Exercise aim — The copy must match the data below line for line and contain no images.

Pictures with short captions:
+-------+

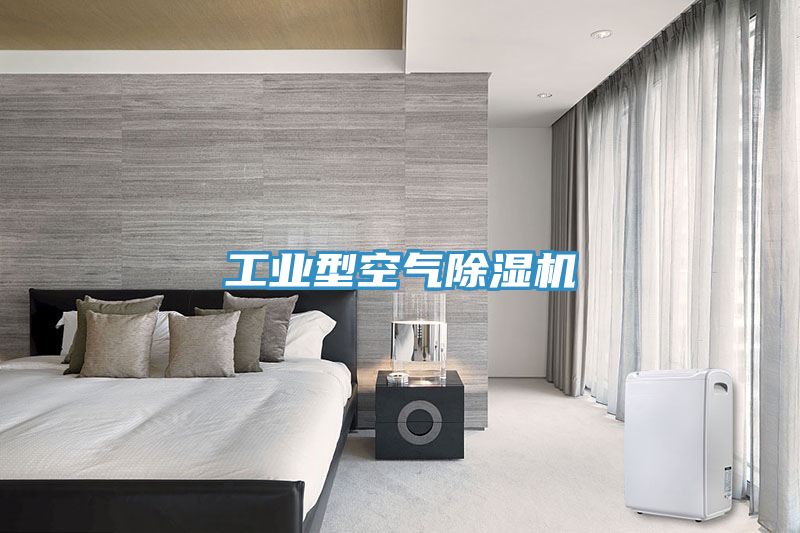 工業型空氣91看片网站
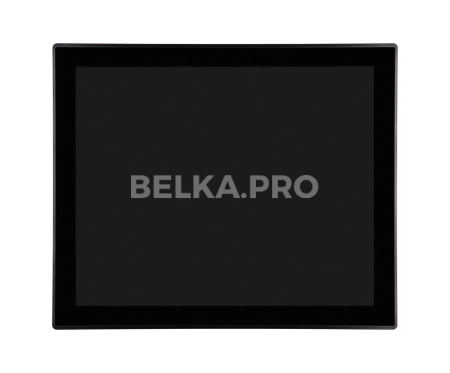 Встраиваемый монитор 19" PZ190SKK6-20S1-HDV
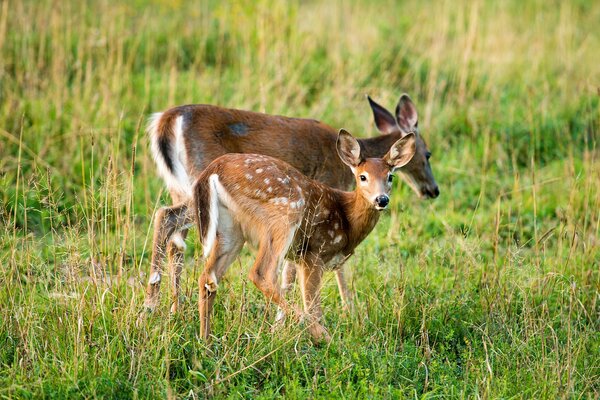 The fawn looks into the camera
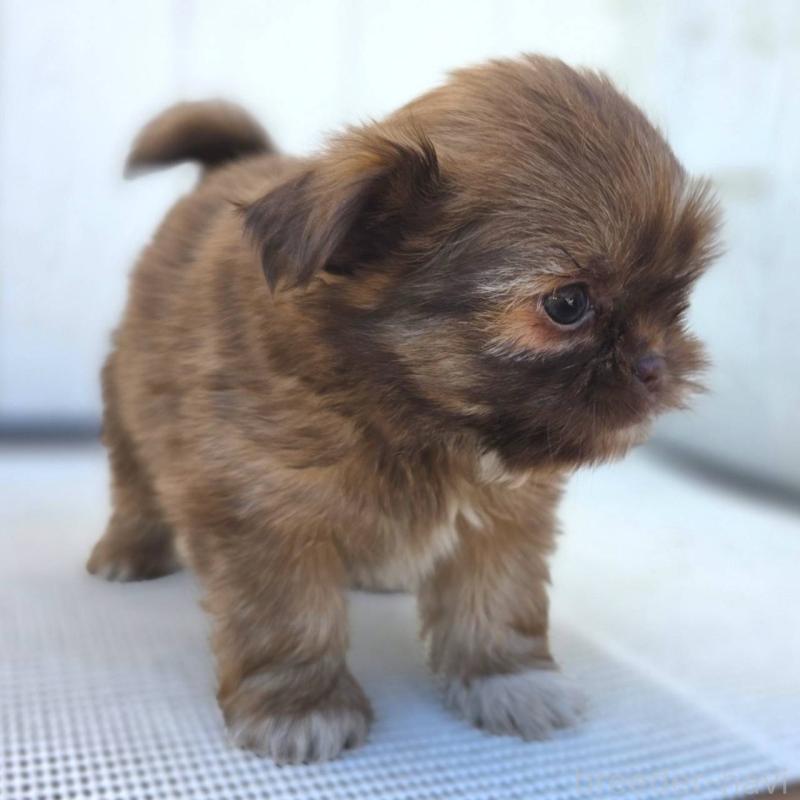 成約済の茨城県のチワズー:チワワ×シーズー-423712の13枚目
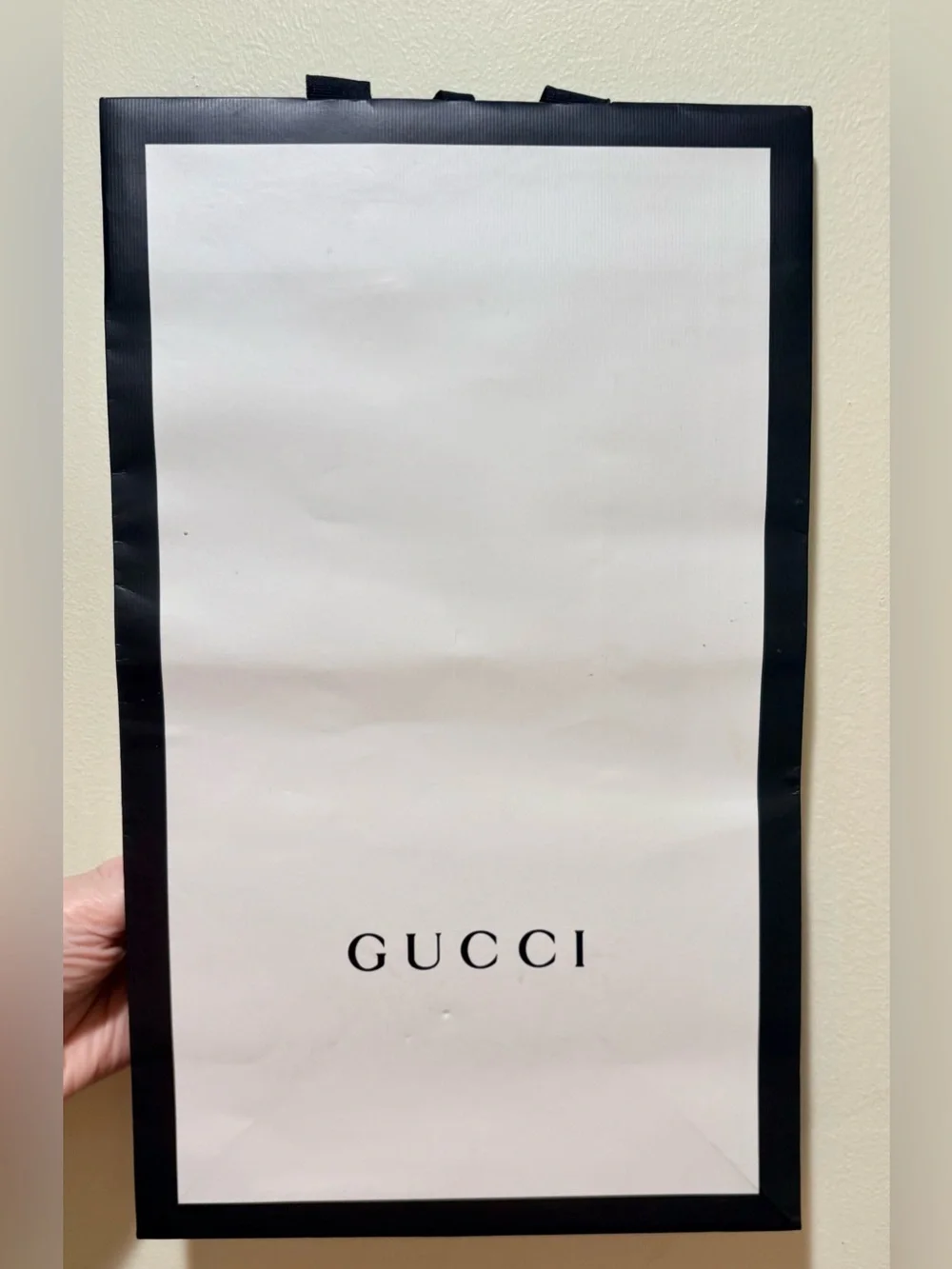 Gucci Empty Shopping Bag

+-------+

Solution —
 工業型空氣91看片网站
 Встраиваемый монитор 19" PZ190SKK6-20S1-HDV
 The fawn looks into the camera
 成約済の茨城県のチワズー:チワワ×シーズー-423712の13枚目
 Gucci Empty Shopping Bag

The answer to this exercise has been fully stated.